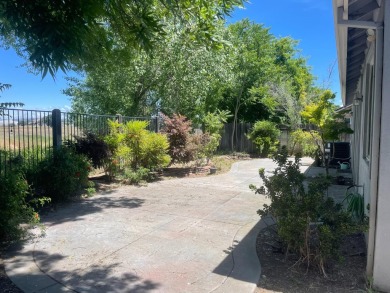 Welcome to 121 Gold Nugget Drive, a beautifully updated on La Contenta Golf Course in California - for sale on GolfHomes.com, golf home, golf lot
##########
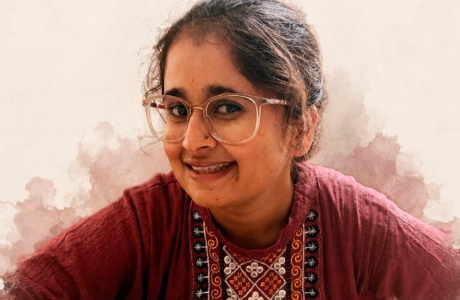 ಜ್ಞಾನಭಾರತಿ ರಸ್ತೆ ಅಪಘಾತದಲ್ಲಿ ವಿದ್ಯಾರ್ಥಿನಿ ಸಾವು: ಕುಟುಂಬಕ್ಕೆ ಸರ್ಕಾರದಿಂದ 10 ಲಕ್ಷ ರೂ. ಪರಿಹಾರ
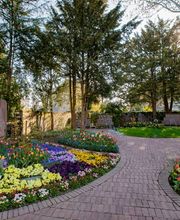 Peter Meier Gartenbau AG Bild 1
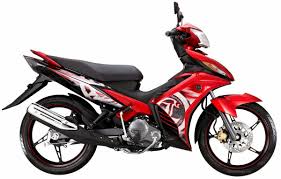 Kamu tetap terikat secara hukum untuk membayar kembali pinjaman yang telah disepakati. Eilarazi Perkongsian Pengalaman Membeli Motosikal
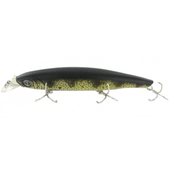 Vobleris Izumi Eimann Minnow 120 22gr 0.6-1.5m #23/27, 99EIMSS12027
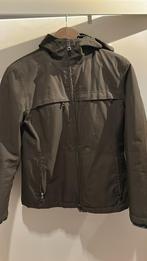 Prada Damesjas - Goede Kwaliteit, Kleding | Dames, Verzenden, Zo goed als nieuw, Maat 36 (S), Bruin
##########
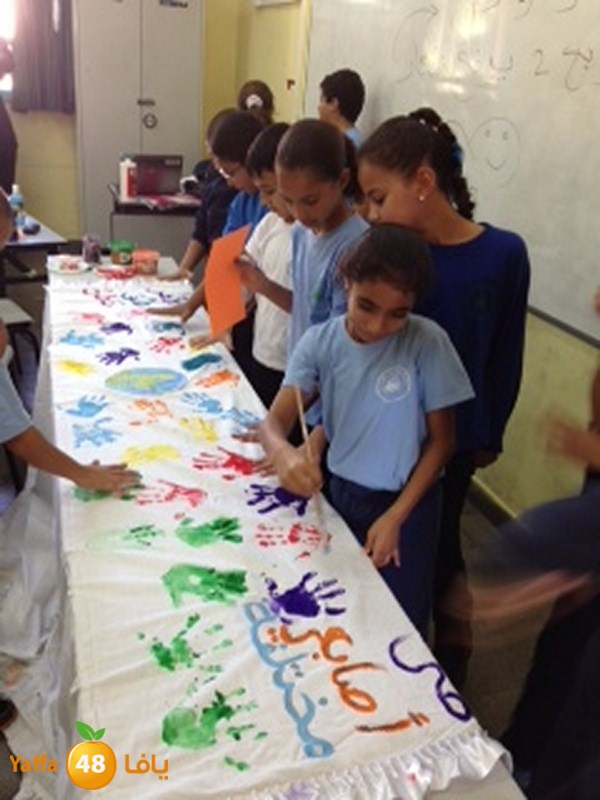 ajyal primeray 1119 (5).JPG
##########
**What you need to do**:
Would you give again, exactly, the lines in the data above that run from the line containing "ಜ್ಞಾನಭಾರತಿ ರಸ್ತೆ ಅಪಘಾತದಲ್ಲಿ" to the line containing "Prada Damesjas - Goede"? Include both ends and no pictures.

**The completed task**:
 ಜ್ಞಾನಭಾರತಿ ರಸ್ತೆ ಅಪಘಾತದಲ್ಲಿ ವಿದ್ಯಾರ್ಥಿನಿ ಸಾವು: ಕುಟುಂಬಕ್ಕೆ ಸರ್ಕಾರದಿಂದ 10 ಲಕ್ಷ ರೂ. ಪರಿಹಾರ
 Peter Meier Gartenbau AG Bild 1
 Kamu tetap terikat secara hukum untuk membayar kembali pinjaman yang telah disepakati. Eilarazi Perkongsian Pengalaman Membeli Motosikal
 Vobleris Izumi Eimann Minnow 120 22gr 0.6-1.5m #23/27, 99EIMSS12027
 Prada Damesjas - Goede Kwaliteit, Kleding | Dames, Verzenden, Zo goed als nieuw, Maat 36 (S), Bruin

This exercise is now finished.